No relatório de 2023, a diretora-executiva do Pnuma, Inger Andersen, pondera que os plásticos desempenham um papel positivo na sociedade de várias maneiras. No entanto, diz ela, “há um outro lado da moeda: a forma como produzimos, usamos e descartamos os plásticos polui os ecossistemas, ameaça a saúde humana e animal e desestabiliza o clima.”
O Pnuma defende que o mundo precisa reduzir pela metade do uso de plásticos descartáveis e adotar massivamente um novo comportamento que inclua a “reutilização, reciclagem e novas alternativas a esse material para diminuir a poluição crescente”.
Entenda como o experimento foi feito
Em um béquer, os cientistas adicionaram 250 ml do gel da Aloe vera, 50 gramas do amido obtido a partir da batata-doce, 25 ml de ácido acético e 25 ml de glicerina bidestilada.
“Homogeneizou-se lentamente para evitar a formação de bolhas de ar. A mistura foi aquecida por aproximadamente 10 minutos a 250 ºC sob agitação com um bastão de vidro. Após aquecimento, o fluido formado foi adicionado a placas de vidro (30 cm x 30 cm) para a secagem em temperatura ambiente até formação do filme polimérico”, relataram os pesquisadores, na publicação.
Na prática, o amido “gelatiniza” a uma faixa ampla de temperaturas (57 ºC a 90 °C), tem uma solubilidade de 68% a 90%, se expande rapidamente, exibe um perfil de viscosidade elevado e alta claridade de pasta em comparação aos amidos de cereais, porém o amido de batata-doce retrograda rapidamente.
De acordo com a tese de doutorado, o bioplástico obtido foi analisado quanto às características de solubilidade, permeabilidade ao vapor de água, biodegradabilidade, espessura e tração. “Os resultados sugerem que as recomendações de biodegradabilidade foram atendidas e o elevado potencial de aplicação do plástico biodegradável no mercado de embalagens e de produtos de origem natural”.
A primeira parte do experimento ocorreu no Laboratório de Química na Universidade de Vassouras, no Rio de Janeiro. Na segunda fase, a formulação do bioplástico foi realizada no laboratório do Instituto de Química da Universidade Federal Rural do Rio de Janeiro.

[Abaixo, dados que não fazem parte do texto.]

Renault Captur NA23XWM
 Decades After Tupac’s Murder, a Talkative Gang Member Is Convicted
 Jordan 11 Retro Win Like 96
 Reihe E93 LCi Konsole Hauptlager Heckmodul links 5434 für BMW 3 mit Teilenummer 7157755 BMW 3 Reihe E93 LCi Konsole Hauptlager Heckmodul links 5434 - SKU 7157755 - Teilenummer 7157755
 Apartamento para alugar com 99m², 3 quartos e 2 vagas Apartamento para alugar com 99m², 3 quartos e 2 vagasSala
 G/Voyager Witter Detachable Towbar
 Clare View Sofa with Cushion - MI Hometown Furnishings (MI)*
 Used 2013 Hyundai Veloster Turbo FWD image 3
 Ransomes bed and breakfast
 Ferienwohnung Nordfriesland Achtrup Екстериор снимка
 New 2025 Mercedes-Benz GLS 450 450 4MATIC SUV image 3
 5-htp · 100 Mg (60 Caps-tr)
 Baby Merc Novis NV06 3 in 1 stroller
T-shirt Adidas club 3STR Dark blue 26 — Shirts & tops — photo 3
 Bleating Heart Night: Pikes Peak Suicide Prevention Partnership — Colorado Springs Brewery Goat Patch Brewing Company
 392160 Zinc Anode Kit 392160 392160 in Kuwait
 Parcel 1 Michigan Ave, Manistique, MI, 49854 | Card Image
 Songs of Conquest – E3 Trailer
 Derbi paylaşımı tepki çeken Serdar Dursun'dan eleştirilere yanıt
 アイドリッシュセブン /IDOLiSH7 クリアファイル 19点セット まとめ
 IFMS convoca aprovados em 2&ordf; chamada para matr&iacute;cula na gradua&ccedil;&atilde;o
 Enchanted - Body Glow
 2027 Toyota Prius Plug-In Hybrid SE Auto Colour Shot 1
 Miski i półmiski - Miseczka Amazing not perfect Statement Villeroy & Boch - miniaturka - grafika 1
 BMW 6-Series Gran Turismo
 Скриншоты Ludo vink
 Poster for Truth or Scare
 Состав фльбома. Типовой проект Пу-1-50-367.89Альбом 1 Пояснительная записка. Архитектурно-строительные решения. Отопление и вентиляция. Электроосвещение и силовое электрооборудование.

Segundo o professor Leonardo, o menor período de decomposição do bioplástico em relação ao plástico convencional se deve ao fato de que aqueles não apresentam o petróleo ou outros hidrocarbonetos em sua composição, tornando o processo de produção e descarte menos agressivos ao meio ambiente.
O projeto foi desenvolvido dentro do Programa de Pós Graduação em Ciência, Tecnologia e Inovação em Agropecuária, da UFRRJ em parceria com a Universidade Nacional de Rio Cuarto, na Argentina. O trabalho também teve a participação de Alexandre Lioi Nascentes (UFRRJ), David Vilas Boas de Campos (Embrapa), Felipe da Costa Brasil (UVA) e de Rozileni Piont Kovsky Caletti (UFRRJ).